Writing a chip driver

For parallel/LPC/FWH chips:

  • Check if you can use the stuff in jedec.c . If yes, use the functions directly instead of copying them.
  • If jedec.c is not compatible with your chip, try to find a chip driver file which works for your chip. Use these functions directly instead of copying them.

For SPI chips:

  • spi.c contains both chip-specific command functions and SPI general infrastructure. Try to find compatible functions in there and use them directly instead of copying. spi.c will be split into infrastructure and chip commands in the future, so check if this note still applies.

For all chips:

  • Hook up the driver functions in flashchips.c . Easiest way is to copy the entry for a similar chip and modify as needed.
  • IDs are defined in flashchips.h which also acts as a database for IDs not yet hooked up and IDs which are aliases for other chips (see the comments in there).

Writing a programmer driver

This task entirely depends on the communication protocol you want to use for talking to the chip. There are two main interface classes: Address-value pairs (Parallel/LPC/FWH protocols) and explicit commands (SPI). Our generic programmer infrastructure can handle both, even in the same programmer.

The easiest way to get started is to hack dummyflasher.c which supports both interface classes. You get immediate results by running

flashrom -p dummy

without having to touch a single line outside dummyflasher.c . Once your hacked up dummyflasher does something useful, we strongly suggest post it to the mailing list. Then we can help you separate your code from dummyflasher and make it a real driver on its own (some of us have predefined templates for that). You don't have to touch any code or Makefile outside your driver if you don't want to.

A new programmer driver is automatically added to the output of flashrom --help and the only file you have to touch outside your own driver file is the man page. Qualified help is available for that task, so you can get by with supplying the text if you don't know man page syntax.

Generally, we recommend to submit early and often, even if your code is nowhere near ready. Maybe someone else already has unfinished/unreleased code for your favourite programmer.
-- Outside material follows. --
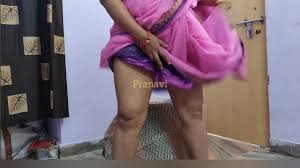 Pranavi peeing and doing dirty talking in Telugu softcore homemade video -  XNXX.COM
Programmer drivers can be merged even if they are not completely working yet, but they will be disabled by default in that case. You save yourself the hassle of carring a large patch forward and can contentrate on driver development instead of forward porting your patch every few commits (which is painful to do over large time periods). Plus, your code gets some exposure on the list and interested users may help with development and debugging.